Pay with cash.
With your extremely private, very personal and top-secret financial information leaking like a sieve all over the Internet, perhaps it's time to return to better times.
Like when you bought something, you pulled out your wallet, grabbed some currency and plunked it down in a face-to-face transaction with your grocer, cleaner, service station attendant or haberdasher.
No disclosing your name, age, address, bank account, marital status or the name of your second cousin twice removed. No one to pass the data on to a virtual criminal who breaks into your virtual home to steal your real life savings. As your reward for shopping at Target.
Pick up your phone (land, cell or smart), and you could find yourself being monitored by the National Security Agency because you are unaware that you are three degrees of separation from known Benghazi jihadists. You might want to seriously consider revisiting the practice of penning a letter.
I know that recent generations will find this hard to believe, but paying cash once was how Americans lived. Even harder to believe, it wasn't so bad. In fact that way of life included something precious that we've lost — simplicity.
Technology is supposed to carry us into a better future, making our lives more convenient, safe and fruitful. Instead, we find ourselves hanging on for dear life, as if technology were an out-of-control monster car rushing us headlong toward unknown difficulties or horrors.
What we're talking about isn't the intrusions George Orwell imagined in his troubling novel "1984." Pfft, what he conjured up was nothing. Fans of the CBS television drama, "Person of Interest," starring an all-knowing computer, will better understand what I'm talking about.
We've all benefited from the digital revolution in ways too numerous to describe here. But we've had to give up something in exchange: the expectation of privacy. It seems too obvious to spend my space here writing about it, but sometimes we act like we don't get it.
We want to be completely safe of terror attacks from the most likely quarter — individuals rather than states — yet we go ballistic because the NSA is gathering information from us that will protect us from them. What, are the guardians of our security supposed to be able to read the minds of lunatics that would kill us? We expect that we can safely divulge our most personal information to complete strangers on a device at the other end of a computer yet expect that our privacy is diligently protected?
Already, we've signed away that right in numerous ways. The courts have ruled that once you have voluntarily divulged such sensitive personal information to a "third party," your expectation of privacy is limited. Even the junk you leave in your trash out on the curb for pickup isn't protected from law enforcement snooping and, well, anyone who happens along. Just walking down the street, out in public, means that you've given up a large degree of your privacy. Smile for the cameras.

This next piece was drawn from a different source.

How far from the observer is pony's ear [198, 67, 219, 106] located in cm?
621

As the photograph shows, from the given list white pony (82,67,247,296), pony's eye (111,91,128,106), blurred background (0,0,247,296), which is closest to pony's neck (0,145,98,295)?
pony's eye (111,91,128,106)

We've come a long way since our Social Security cards bore the legend "For Social Security Purposes Not For Identification."
Arguably, the challenges and societal upheavals wrought by the digital revolution could be the greatest since the Industrial Revolution. Which has created a perfect opportunity for some politicians and rigid ideologists on both sides to work the threats to our privacy or our security for their own purposes.
As real as those threats are, we should be mindful that we're immersed in a monumental and difficult balancing act that should not have surprised us. We're feeling our way through it, often blindly.
I give President Barack Obama credit for showing that he would like to find ways to balance privacy and security in the digital age. Although going back to read what he said Friday, I'm not entirely sure I know what he wants.
Whether we're on the political right or left, we'll sometimes go into a lather as we feel our way along looking for the right balance. But in the meantime, if you want to be totally secure in your privacy, get out your wallet and pay cash.